- **EXERCISE DESCRIPTION**: What is needed is an exact transcription of the listing, with the images removed.

- **STORED DATA**:
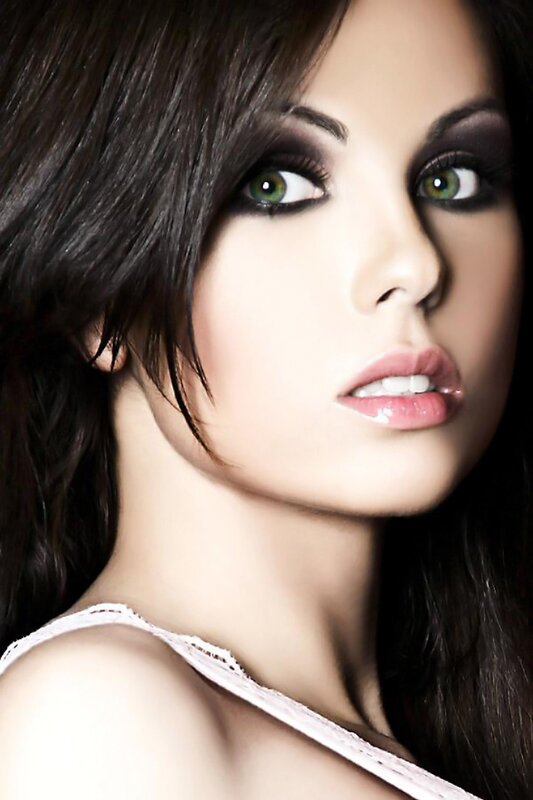 Woman with Green Eyes — Brown, Dramatic, Photograph, Dark Hair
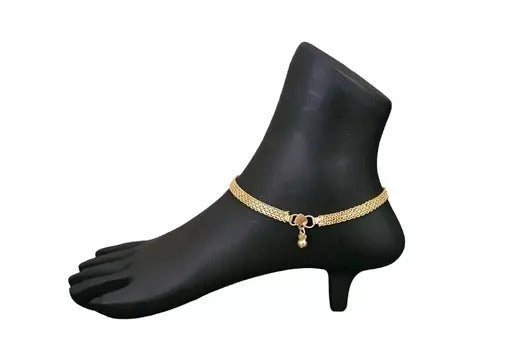 Simple Gold Plated Single Leg Chain Golden Anklets Trending Most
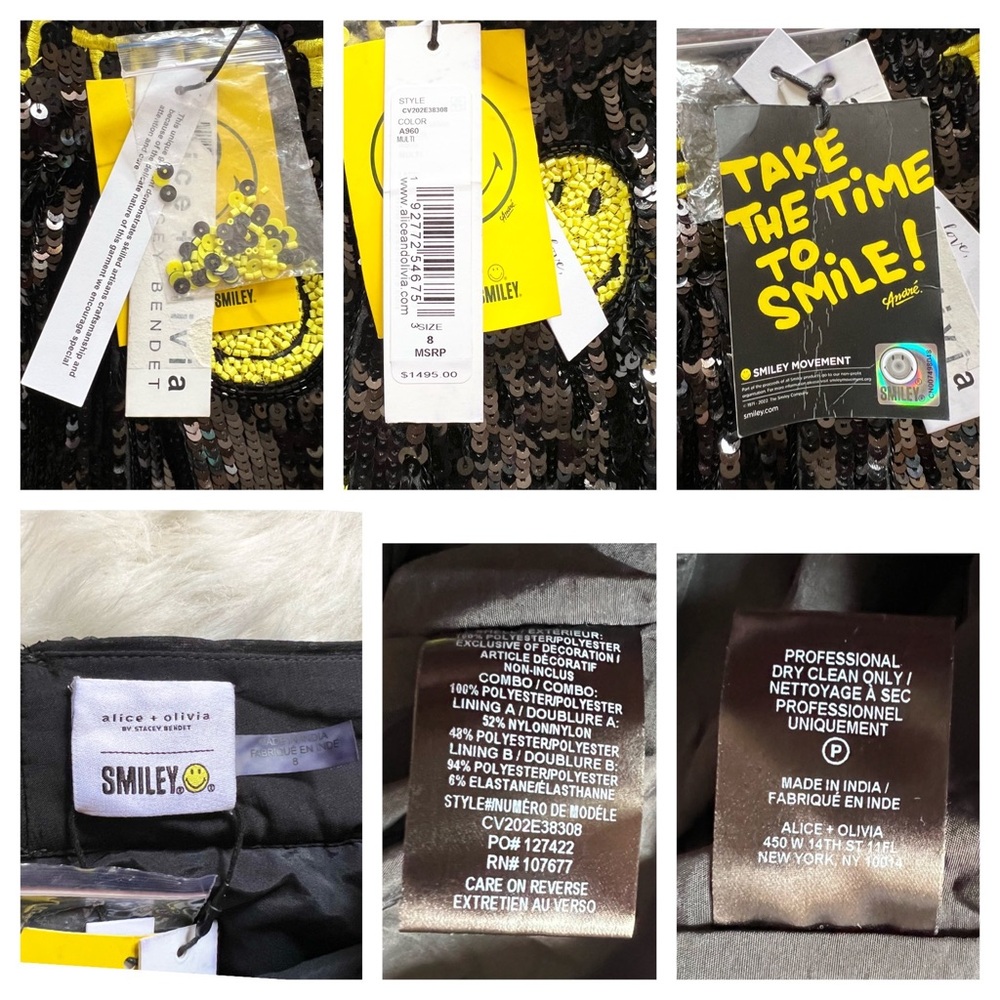 New! ALICE + OLIVIA Smiley Limited Edition Tina Sequin Gown Maxi Skirt - Picture 15 of 16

- **EXERCISE RESULT**:
 Woman with Green Eyes — Brown, Dramatic, Photograph, Dark Hair
 Simple Gold Plated Single Leg Chain Golden Anklets Trending Most
 New! ALICE + OLIVIA Smiley Limited Edition Tina Sequin Gown Maxi Skirt - Picture 15 of 16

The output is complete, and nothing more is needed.